Work required
Only the lines from the one containing "McMurdo SmartFind M10W" to the end of the records belong in the copy. Reproduce them word for word and drop the pictures.

Material for the task
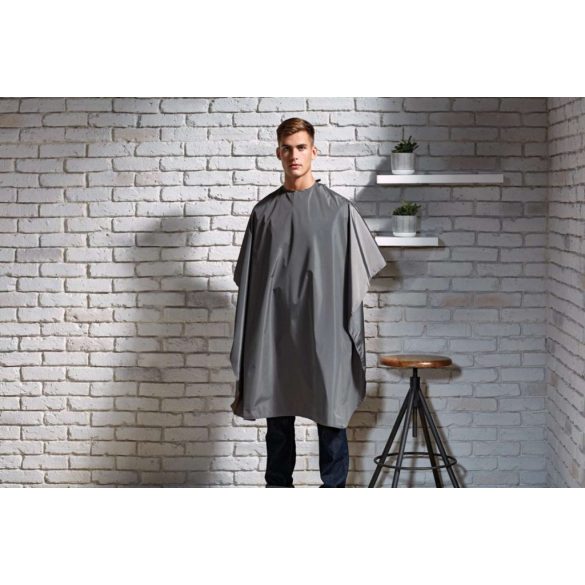 pr116 - Pelerina coafor impermeabila PREMIER - [Dark Grey]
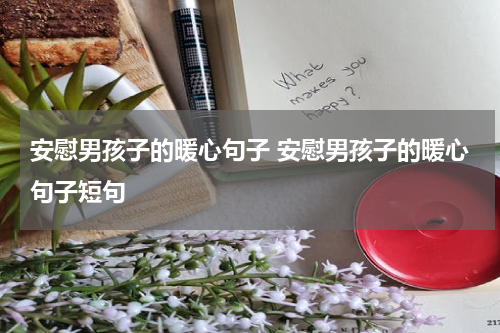 安慰男孩子的暖心句子 安慰男孩子的暖心句子短句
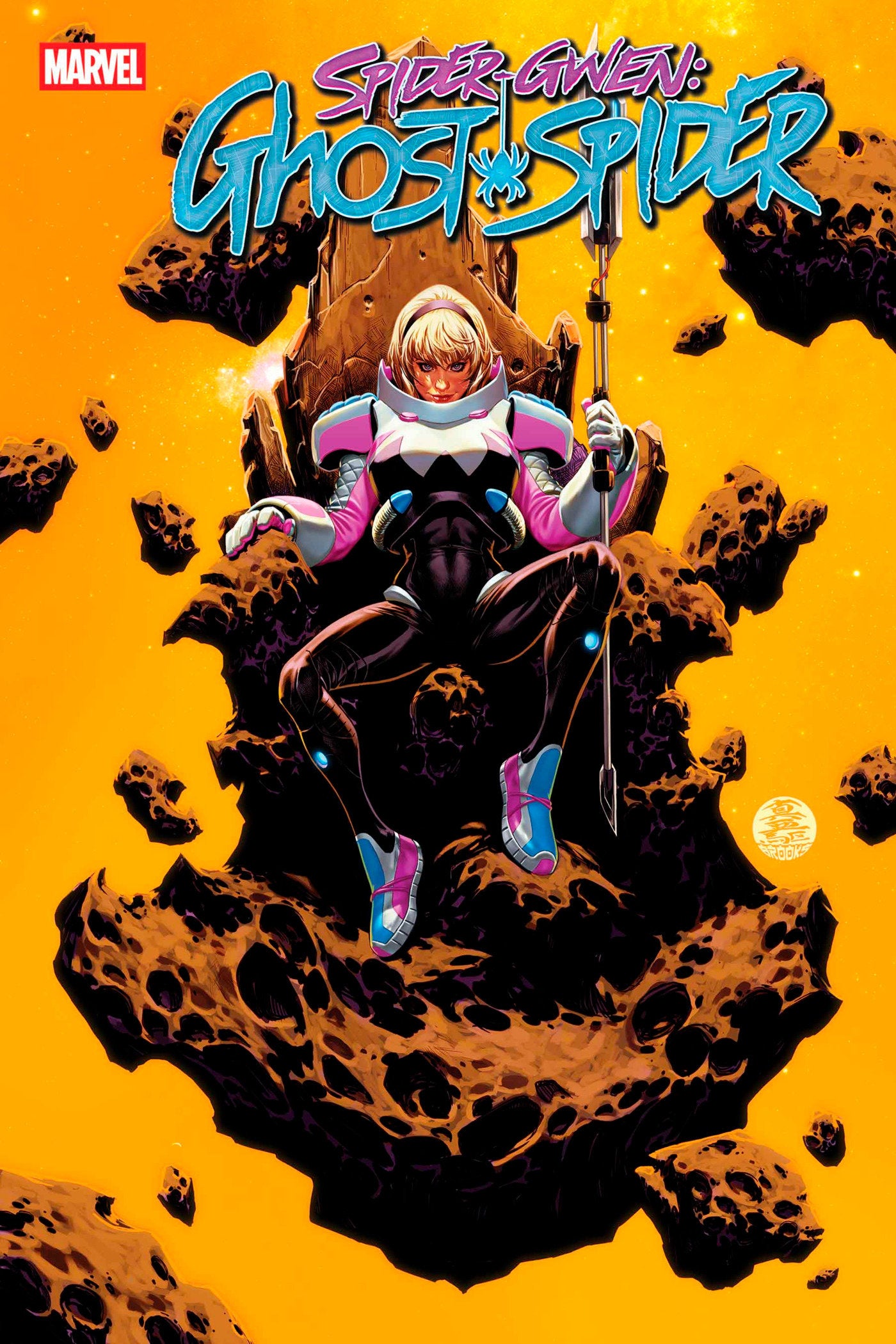 SPIDER-GWEN: THE GHOST-SPIDER #14 MARK BROOKS MAIN COVER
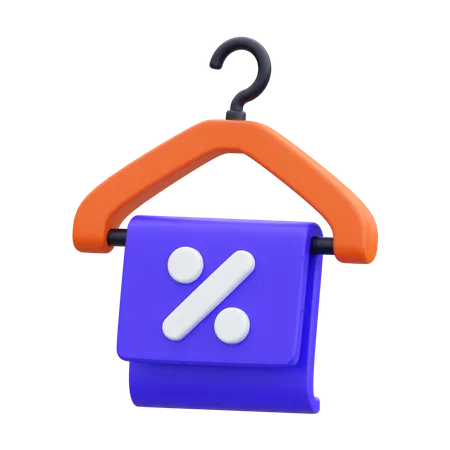 Cabide  3D Icon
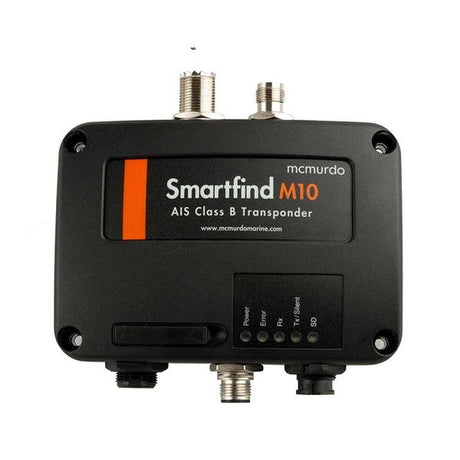 McMurdo SmartFind M10W AIS Class B Transponder with WiFi - PROTEUS MARINE STORE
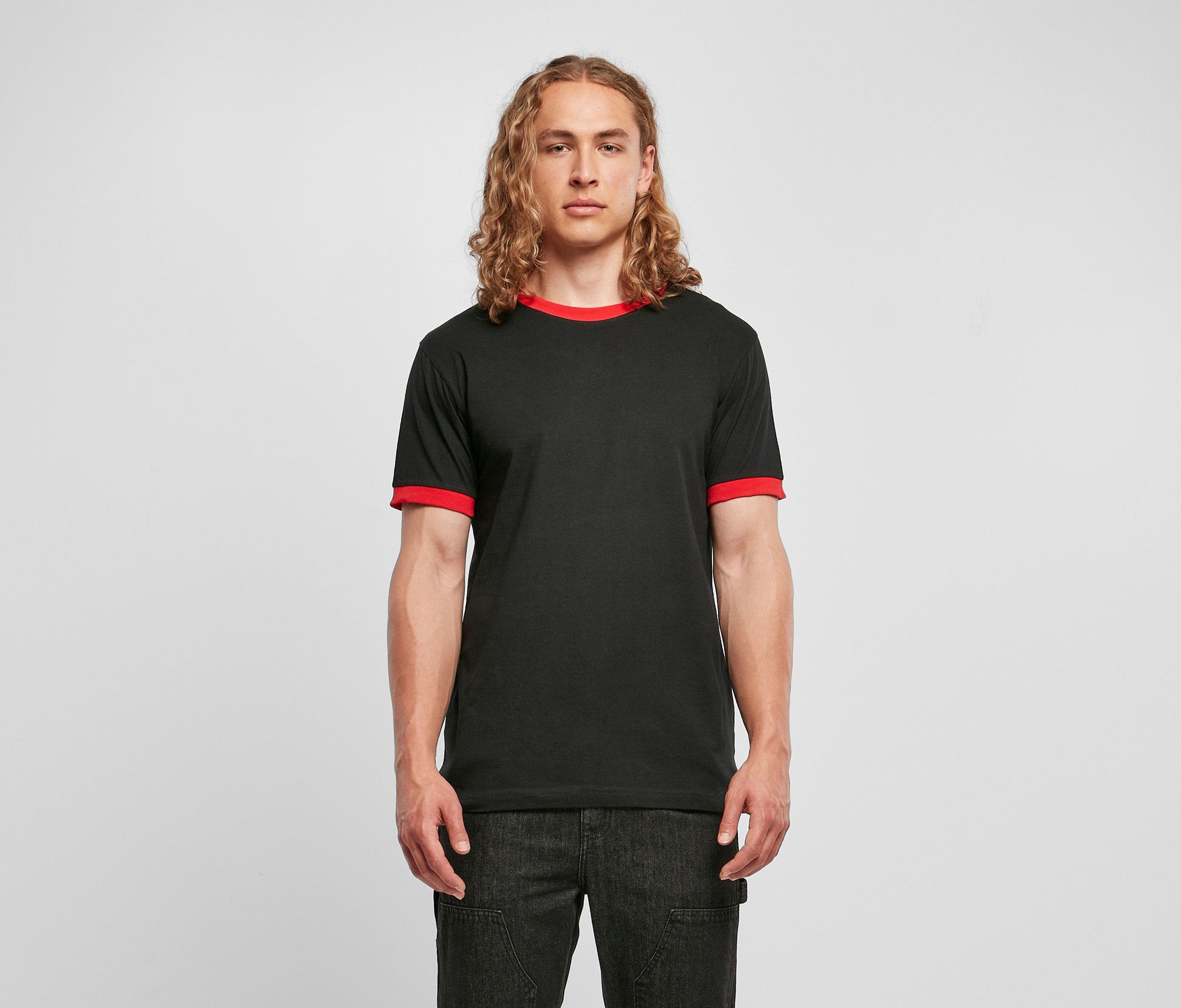 Tee-shirt bi-couleur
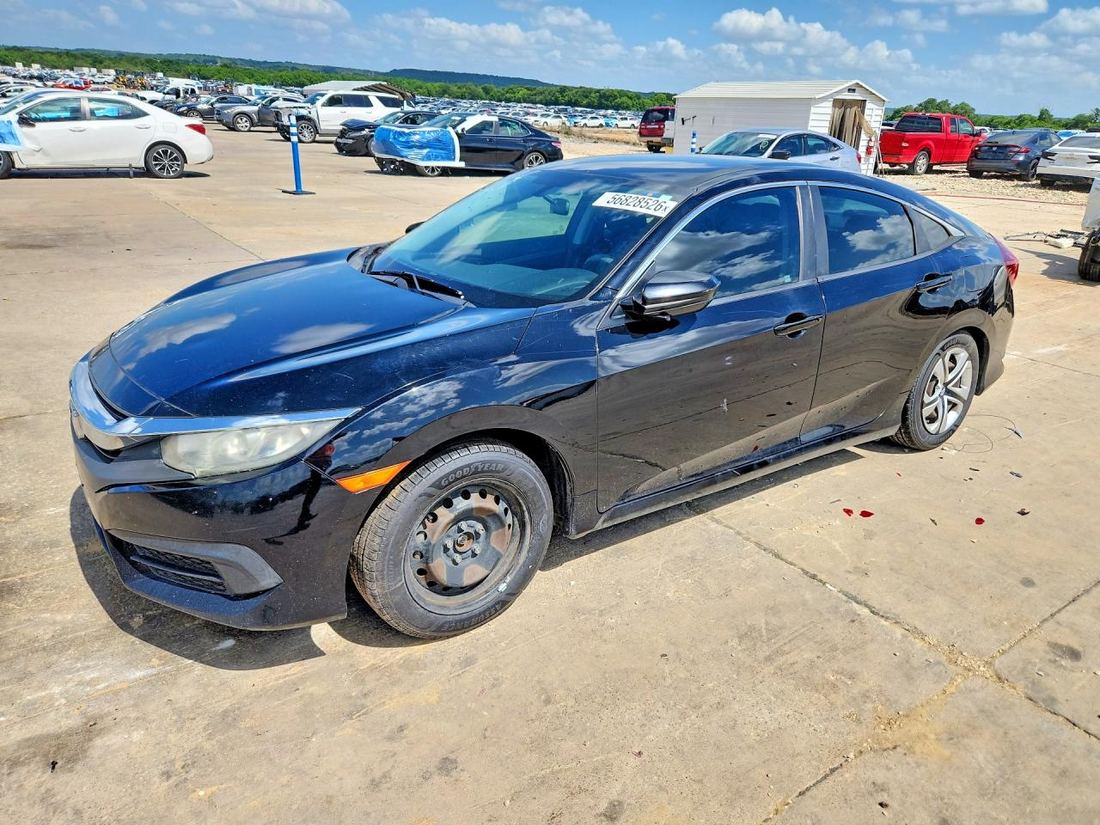 2016 HONDA CIVIC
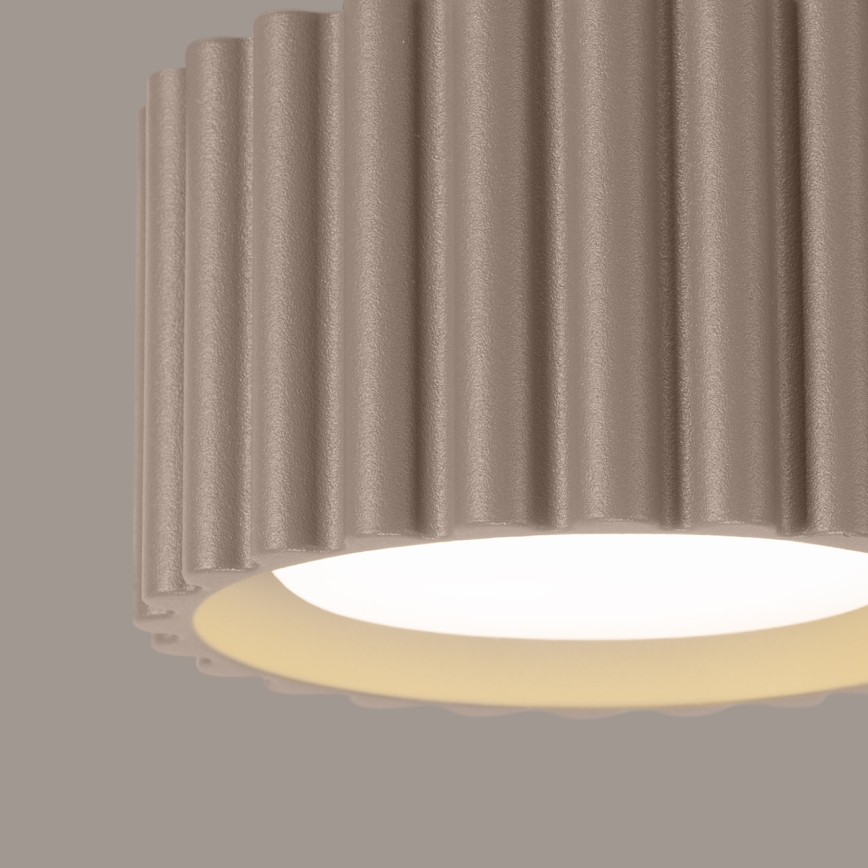 Reflektorska svjetiljka AURA 1xGX53/10W/230V, promjer 10 cm, taupe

Expected output
 McMurdo SmartFind M10W AIS Class B Transponder with WiFi - PROTEUS MARINE STORE
 Tee-shirt bi-couleur
 2016 HONDA CIVIC
 Reflektorska svjetiljka AURA 1xGX53/10W/230V, promjer 10 cm, taupe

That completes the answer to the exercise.